The 10% tariffs were incorporated into the 2008 free trade agreement with China and kicked in when pre-agreed volumes of imports were exceeded.

The Chinese government insisted on the tariffs to give its farmers some degree of protection against surges in imports from NZ it anticipated might have resulted from the reduction in out-of-quota tariffs on dairy products.

The NZ industry was happy to go along with these safeguards because milk powder exports at the time were well below the 100,000 tonnes above which the tariffs would be triggered.

However, the melamine scandal in 2009, which caused a crisis in confidence in locally produced dairy production and a scramble for imported substitutes, coupled with strong growth in incomes, soon saw the safeguard thresholds comfortably exceeded.

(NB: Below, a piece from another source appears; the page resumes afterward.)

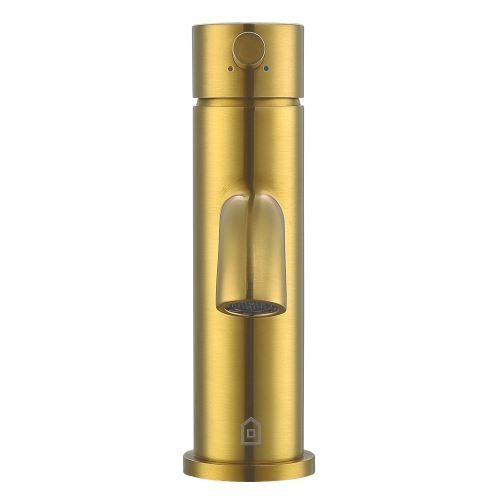 Ancona Valencia Series Single Lever Bathroom Faucet in Brushed Gold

The relentless growth in dairy imports from NZ since saw the thresholds triggered earlier and earlier every year. The growth was such that NZ exporters hit the limit during January every year after 2013.

Dairy Companies Association executive director Kimberly Crewther estimates that based on $2 billion sales of skimmed and whole milk powders to China in the first nine months of last year, the safeguards resulted in $200 million of tariffs being paid to the Chinese government.

“The removal of tariffs gives NZ dairy products a competitive advantage with respect to product coming out of Europe.”


Miles Hurrell
Fonterra chief executive 

The early removal of the safeguards was the No 1 priority for former prime ministers John Key and Jacinda Ardern as they sought to upgrade the groundbreaking free trade agreement with China.

But despite arguments from NZ that the measures were outdated, costly to Chinese consumers, and should be removed, Chinese leaders were unmoved.

Instead, the safeguards were allowed to expire at the end of 2022 (for liquid milk, butter and cheese) and the end of 2023 (for milk powders) as originally negotiated. Around half of NZ dairy exports to China are milk powders.

Fonterra chief executive Miles Hurrell said NZ is now in the enviable position of having completely free trade with China in dairy products.

“The removal of tariffs gives NZ dairy products a competitive advantage with respect to product coming out of Europe.”

Hurrell said the expiry of the safeguard measures at the end of December had been one factor behind a run of price increases in the Global Dairy Trade auction at the end of last year.

“Recently we have seen improved demand from China for reference products.

“The uptick in demand has come at a time when many customers in China have been making procurement decisions for product with a delivery date after 1 January 2024, when tariffs come off.”

Efforts to stimulate the Chinese economy through increased government spending are also adding to demand, Hurrell said. As a result of these measures the International Monetary Fund in November raised its forecasts for the Chinese economy to grow by 5.4% in 2023, up from its previous forecast in October of 5% growth for the year.

The IMF said it expects growth in the world’s second largest economy to slow in 2024 to 4.6%, though this was higher than its October forecast of growth for the coming year of 4.2%.